On a lighter note, many Coyotes found video games to be a safe social-distancing activity during the pause. Jordan Oesterle and Lawson Crouse played "Fortnite" with a group of teammates; Christian Fischer played "Call of Duty." Many others hopped online, also, to compete with one another. 

"Everyone kind of gets into their own thing," said Lawson Crouse. "We're trying to stay isolated as best we can. Guys have different things -- guys play video games, guys read, there's different activities you can do. I think it just really depends on the person or the player that you're talking to."

Tocchet said he wasn't much of a video gamer during his playing days.

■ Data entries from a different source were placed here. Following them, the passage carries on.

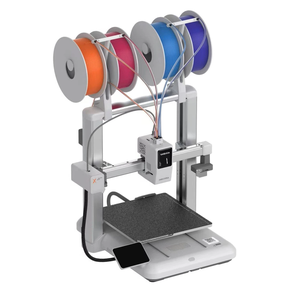 Nouvelle arrivée <span class=keywords><strong>Imprimante</strong></span> 3D <span class=keywords><strong>Anycubic</strong></span> Kobra X Volume d'impression 260*260*260mm <span class=keywords><strong>Imprimante</strong></span> 3D de bureau multi-couleurs à haute vitesse - Product Image 1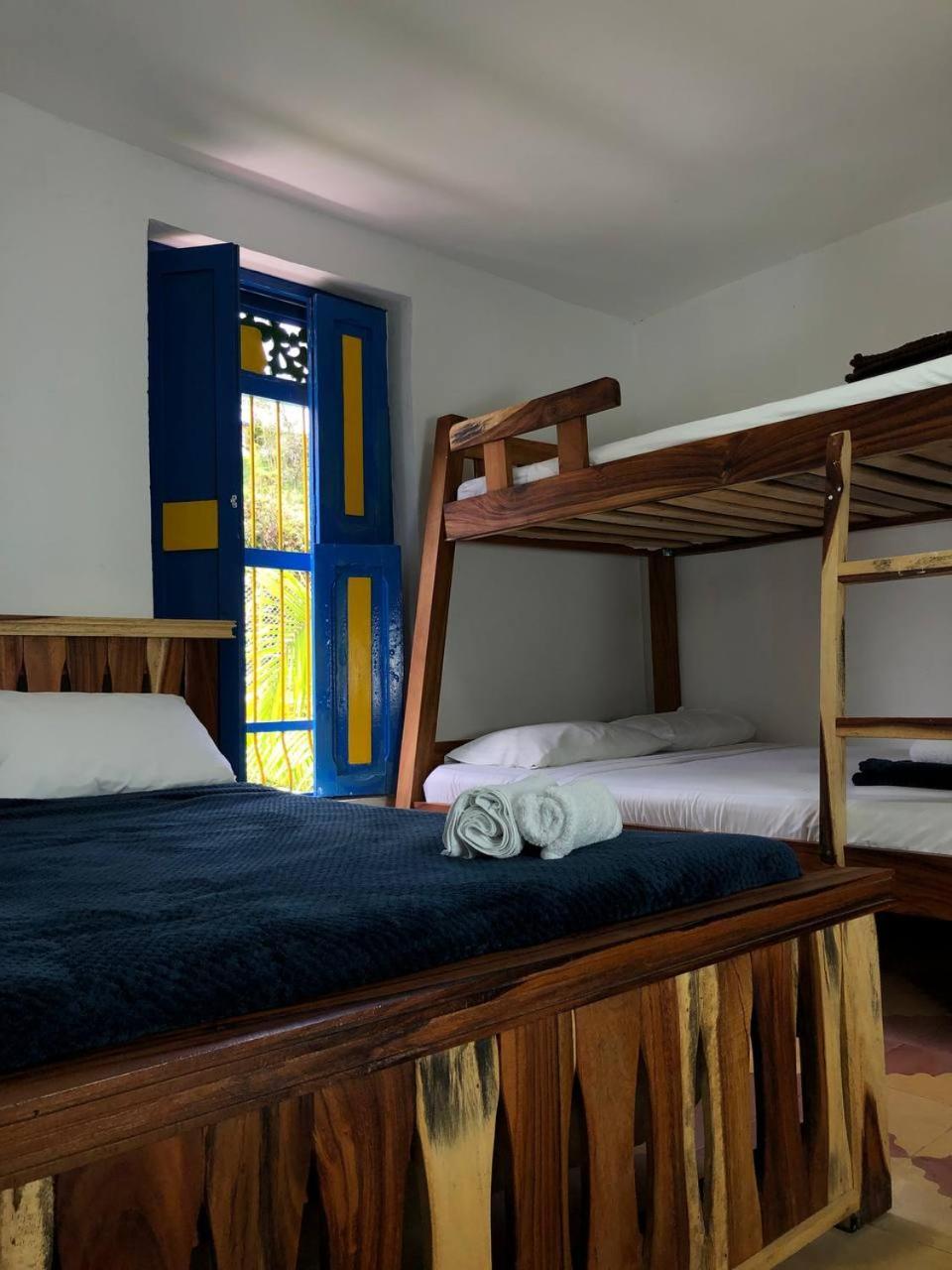 Alegria Hostel Boutique กัวตาเป ห้อง รูปภาพ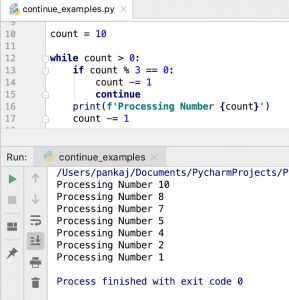 Python Continue Statement - Incredible Retina Ocean Pictures | Free Download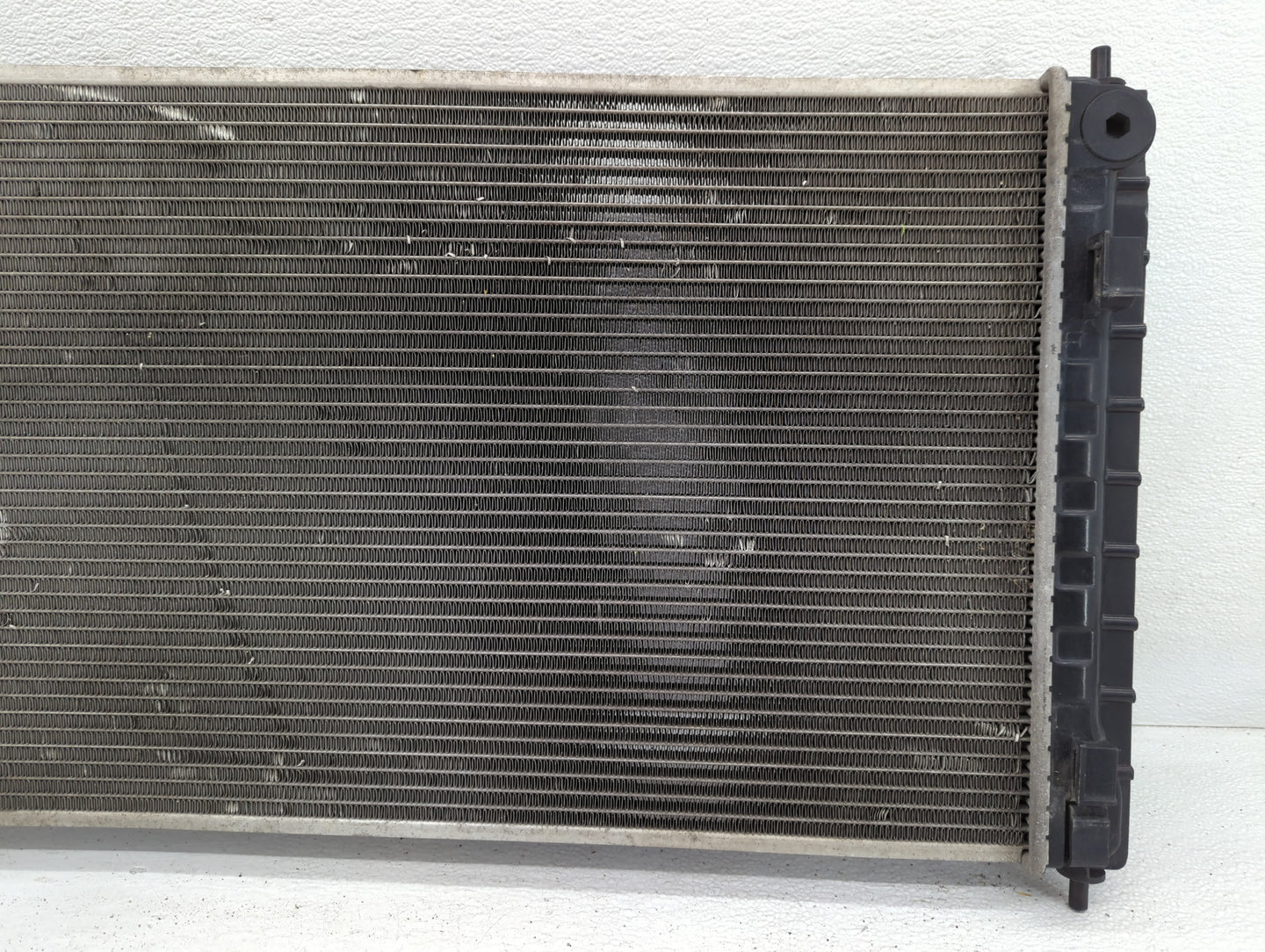 2007-2018 Nissan Altima Engine Cooling Radiator Condensor Fits OEM Used Auto Parts - Oemusedautoparts1.com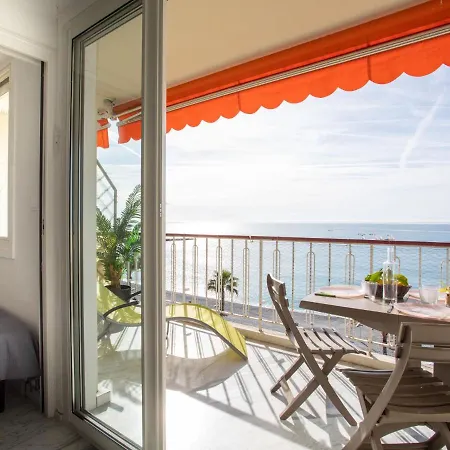 Appartement L'angelina-1 By Interhome Cros-de-Cagnes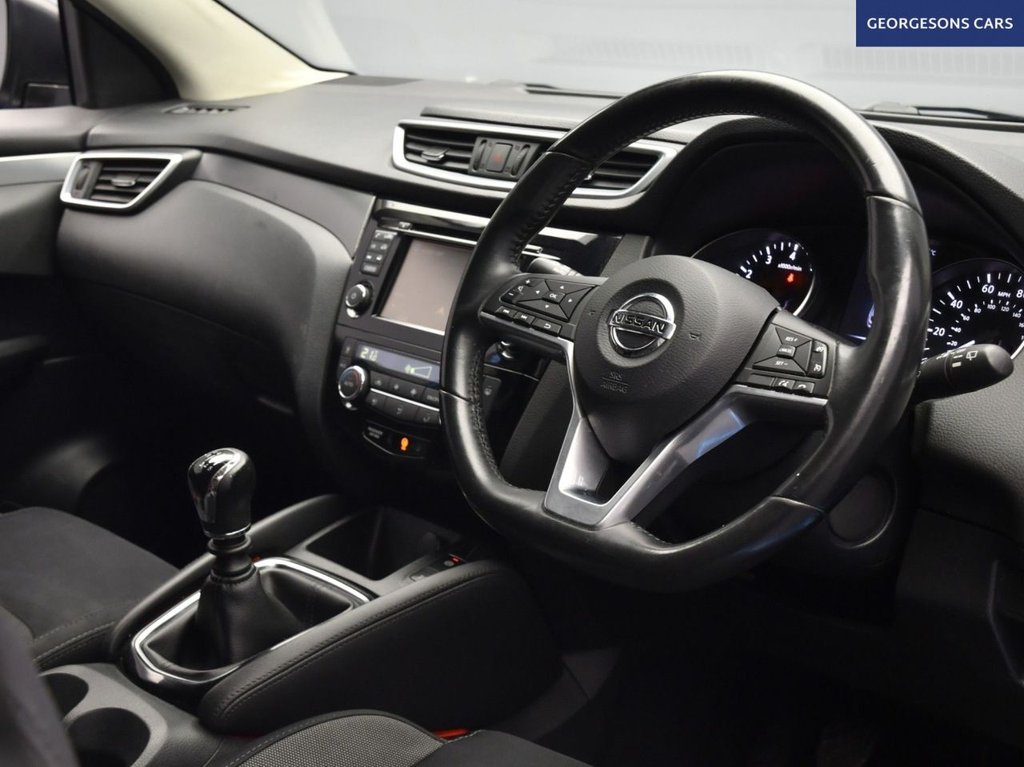 Used Nissan Qashqai 2017 for sale - 77533963: Photo 11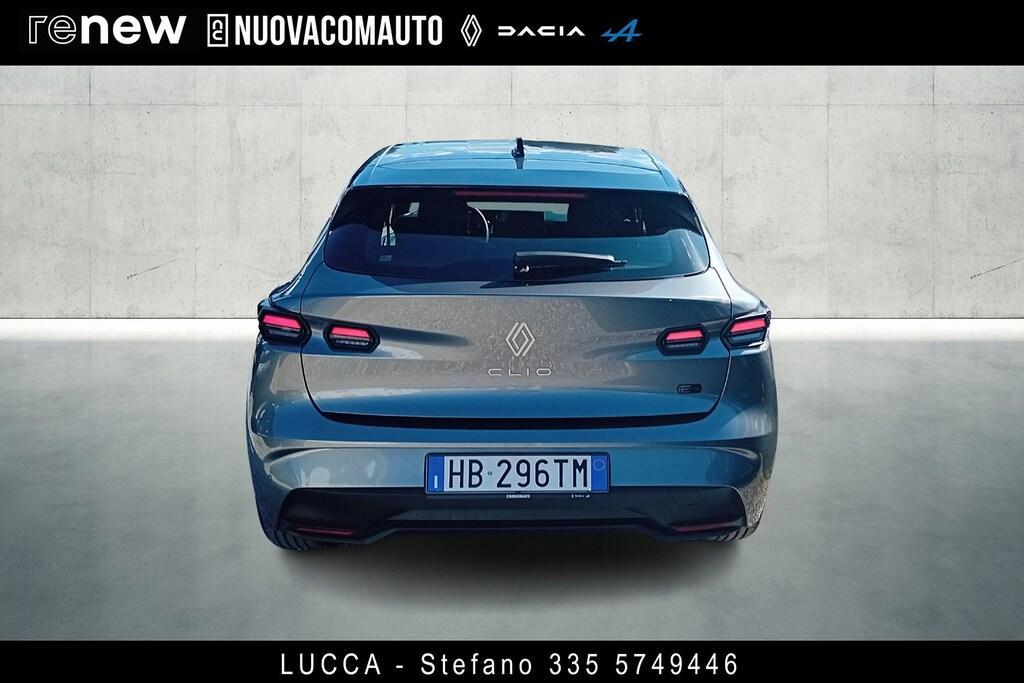 Renault Clio 1.8 full hybrid E-Tech Evolution Auto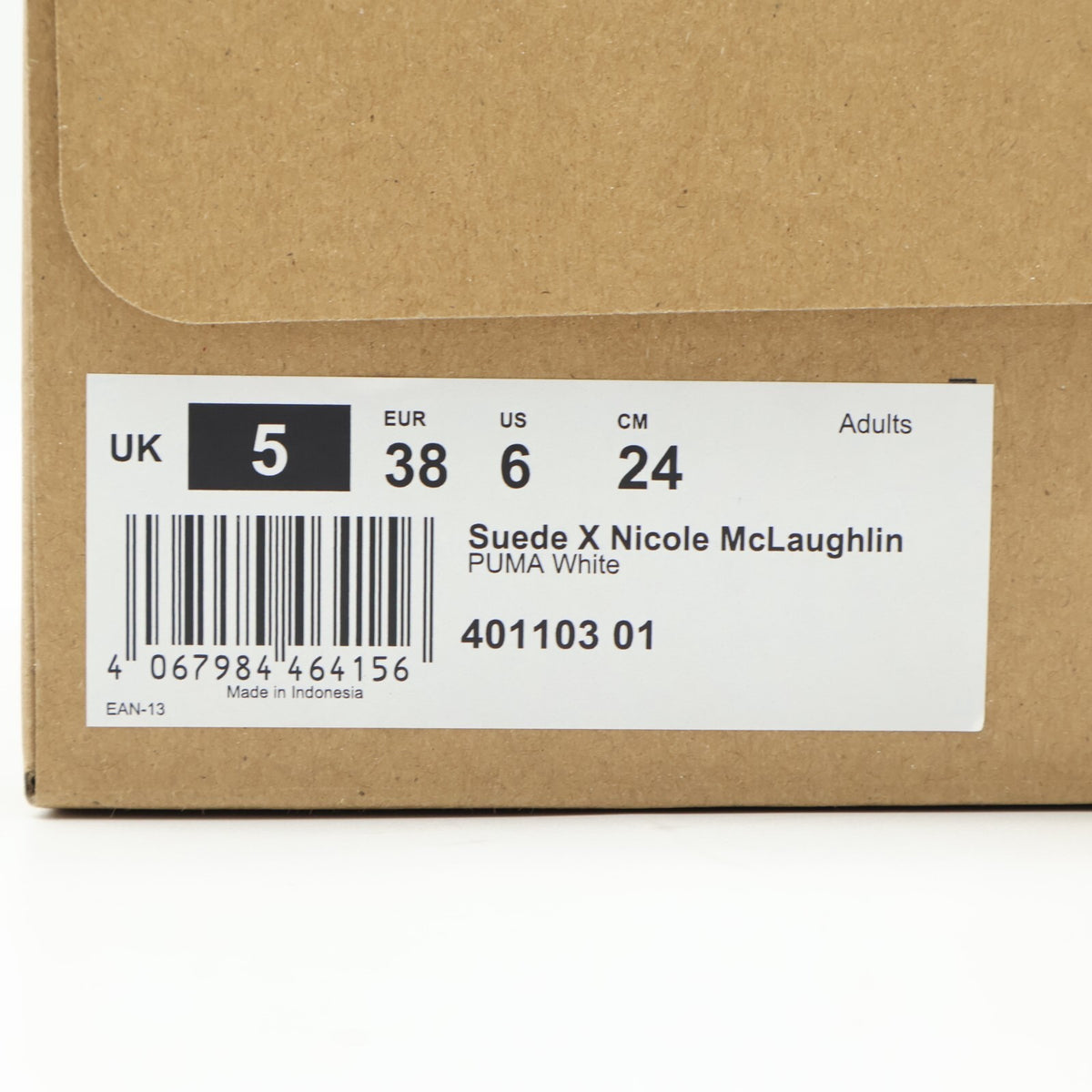 401103-01 Nicole McLaughlin Puma Suede Multi (Men's)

"I wasn't a big video game guy," Tocchet said. "We used to play a lot of cards, a lot of card games. I know some of these guys play video games, I just don't want them doing it until three in the morning. That's the problem. I have to take video games away (from my son) from time to time; he's up all night playing those video games. So, I give those guys a speech on that."

As for the logistics in Edmonton, no one has much of an idea, yet.

"A lot of times, in between games, even on the road in the hotel, usually a room is set up where there's a ping-pong table, or guys are playing cards, guys are watching another game that's on," Tocchet said. "It's kind of a meeting place, and I enjoyed that as a player. You go there for a couple hours and then you go to bed. Most teams do that sort of stuff."